In documents released Thursday, Tesco said it has appointed Goldman Sachs as its adviser to explore “strategic options” for the US$756 million business as it embarks on a complete overhaul of its assets.
It’s hard to bucket dunnhumby. Some call it an agency. Others, a data platform.
In its 2014 annual report and financial statement, Tesco said it “uses our unique insights from dunnhumby to track how British consumers feel about the economy in general, as well as their own individual situations.”
But dunnhumby’s insights are certainly not limited to understanding macroeconomic conditions. Because the company harnesses loyalty card data from parent company Tesco, Kroger and others, it has a unique frame of reference on the purchase habits of 770 million shoppers.
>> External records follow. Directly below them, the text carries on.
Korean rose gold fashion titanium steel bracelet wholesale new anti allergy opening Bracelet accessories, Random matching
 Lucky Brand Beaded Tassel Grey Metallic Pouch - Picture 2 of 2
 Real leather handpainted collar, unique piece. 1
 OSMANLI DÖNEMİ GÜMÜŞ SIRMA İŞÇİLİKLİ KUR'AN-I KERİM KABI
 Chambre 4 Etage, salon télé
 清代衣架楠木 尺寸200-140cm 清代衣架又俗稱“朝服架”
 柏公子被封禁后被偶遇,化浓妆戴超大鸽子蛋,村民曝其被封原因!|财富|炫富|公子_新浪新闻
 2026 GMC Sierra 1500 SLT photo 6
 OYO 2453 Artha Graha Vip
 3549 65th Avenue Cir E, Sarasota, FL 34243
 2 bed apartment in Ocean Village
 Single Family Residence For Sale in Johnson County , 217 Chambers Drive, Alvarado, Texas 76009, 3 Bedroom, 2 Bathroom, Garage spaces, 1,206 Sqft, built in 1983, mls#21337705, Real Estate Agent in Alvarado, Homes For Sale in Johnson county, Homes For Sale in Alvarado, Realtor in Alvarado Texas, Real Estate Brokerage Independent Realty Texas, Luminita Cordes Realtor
Offline and in-store data may be its specialty, but Tesco bought dunnhumby a $187.5 million present last March: digital prowess in the form of demand-side platform Sociomantic.
At the time of purchase, Simon Hay, dunnhumby’s CEO, told AdExchanger that “if we hadn’t joined forces with Sociomantic, we probably would have ended up competing against them because they were moving more toward our space and we were moving to theirs.”
This coming together of loyalty and CRM data with digital signals is a hot thing for marketers and acquiring minds want a piece of it.
The latest example was enterprise giant Oracle’s acquisition of Datalogix, a company not entirely unlike dunnhumby. It partners with myriad retailers and third-party data providers to measure the effect of digital channels on in-store sales uplift.In dunnhumby’s case, Reuters reported in the fall private equity firm TPG’s interest in the company. The latest name to enter the mix is agency holding company WPP Group, which may be gunning for a US$3 billion buyout of the business, reported The Drum.
Ironically, WPP’s outspoken CEO, Sir Martin Sorrell, called dunnhumby a “competitor” to his agency conglomerate during Advertising Week 2013.
“It’s the retailers who have the connection or thinking to develop the data,” Sorrell said onstage at the IAB MIXX conference, as AdExchanger reported. He heralded how agency holding companies today aren’t only competing directly with one another, they’re competing also with data companies, research firms and the retailers themselves.
Dunnhumby works with more than 20 retail partners and has net profits of $151 million, according to Tesco’s annual corporate statement. If WPP moved in on dunnhumby for the rumored amount, the deal would be similar in size and scope to Publicis Groupe’s pricy $3.7 billion SapientNitro buy.
Both dunnhumby and WPP declined to comment for this story.